An ESG audit evaluates the company’s operations, policies, and strategy from the perspective of environmental (E), social (S), and governance (G) criteria. It determines how well the company aligns with sustainable development goals and uncovers areas for improvement. ESG audits are valuable for companies aiming to meet stakeholder expectations, satisfy due diligence demands, or position themselves as responsible business partners.
Why Understanding Business Processes Is Key to ESG Implementation
Effective ESG transformation starts with a clear understanding of the company’s existing operations. ESG data used for sustainability reporting under ESRS must be grounded in day-to-day business processes. This means examining how the organization functions in practice—not just strategy documents. Mapping the actual workflows (“as-is”) enables accurate identification of ESG-relevant areas, such as emissions, supplier ethics, or anti-corruption practices. This forms the foundation for ESG planning and integration.
Example: A property management company initiated an ESG audit to clarify who is responsible for energy and water usage data—landlord or tenants. The audit revealed opportunities for quick sustainability wins through minimal investments, such as optimizing water usage and expanding green areas.
What Are the Key Stages of an ESG Audit?
- Kick-off training to introduce ESG concepts and audit goals
- Business Process Maturity Assessment (BPM Maturity)
- Mapping processes critical for ESG transformation
- Final report with KPI system and improvement roadmap
The process begins with training sessions—online or on-site—to build awareness among staff. Then, we assess ESG-related process maturity using internal workshops and map out the company’s real operational structure. This step identifies the most influential processes for ESG impact.
The audit ends with a report summarizing findings, ESG impact areas, KPI proposals, and action plans to guide ESG integration into business strategy.
Benefits of Conducting an ESG Audit
- Clarity on how your business model aligns with ESG principles
- Identification of gaps and recommendations for change
- Support for strategy alignment with ESG frameworks
- Informed budgeting for sustainability transformation
Risks Related to ESG Auditing
ESG audits pose minimal external risk since they are internal exercises and not mandatory reports. However, challenges may include change management and data availability. Successful implementation requires company-wide buy-in and transparency in operations and documentation.

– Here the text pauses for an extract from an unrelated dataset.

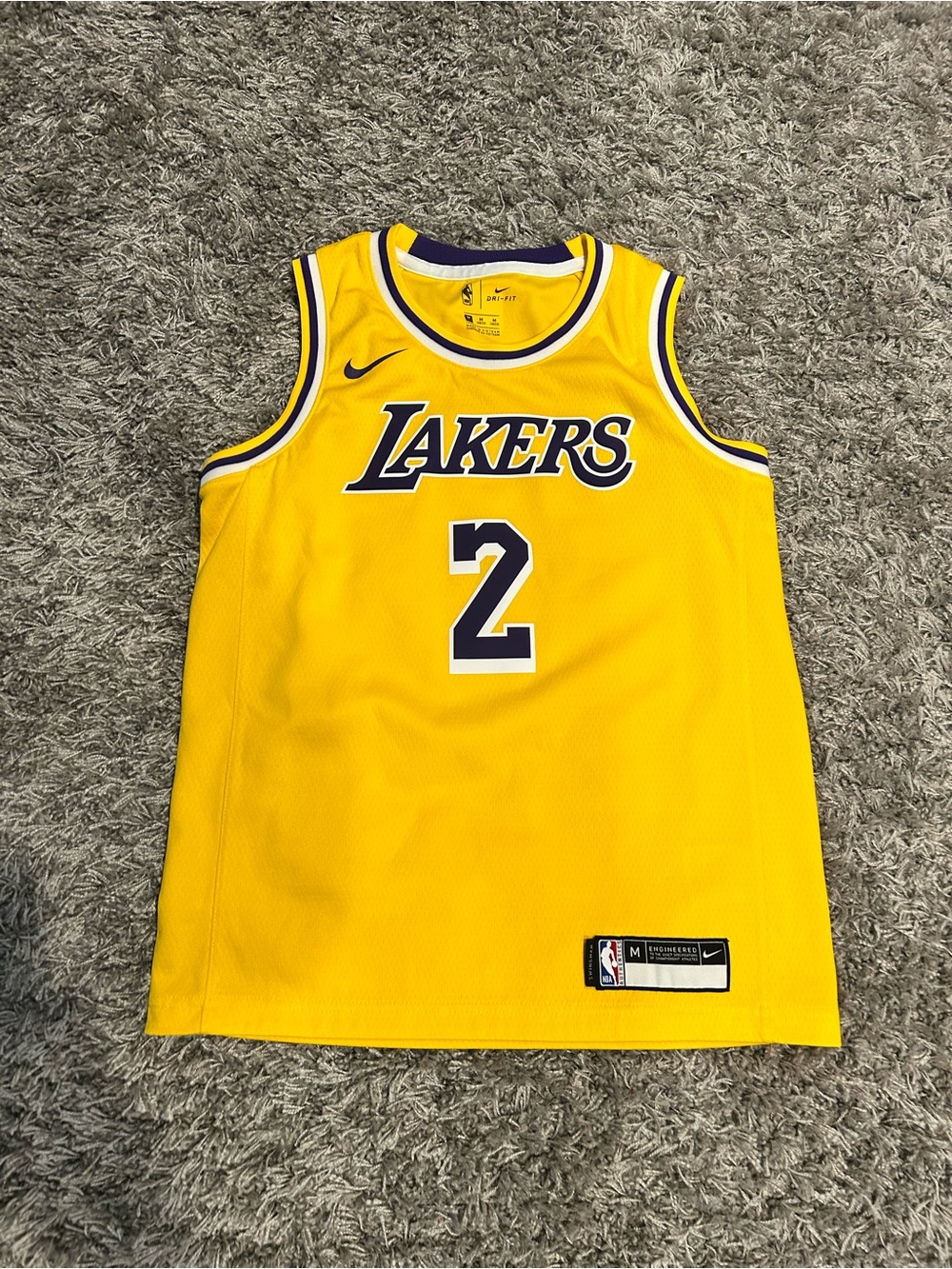 Nike Yellow & Purple Los Angeles Lakers #2 Jersey - Kids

How Long Does an ESG Audit Take?
On average, an ESG audit takes about 2 months. The timeline depends on:
- The availability and quality of process maps
- The complexity of the company’s operations
- The number of employees and departments involved
Initial training usually begins within 2 weeks of contract signing. BPM maturity assessment and process mapping take around 1–2 months, followed by report preparation and KPI development in the final stage.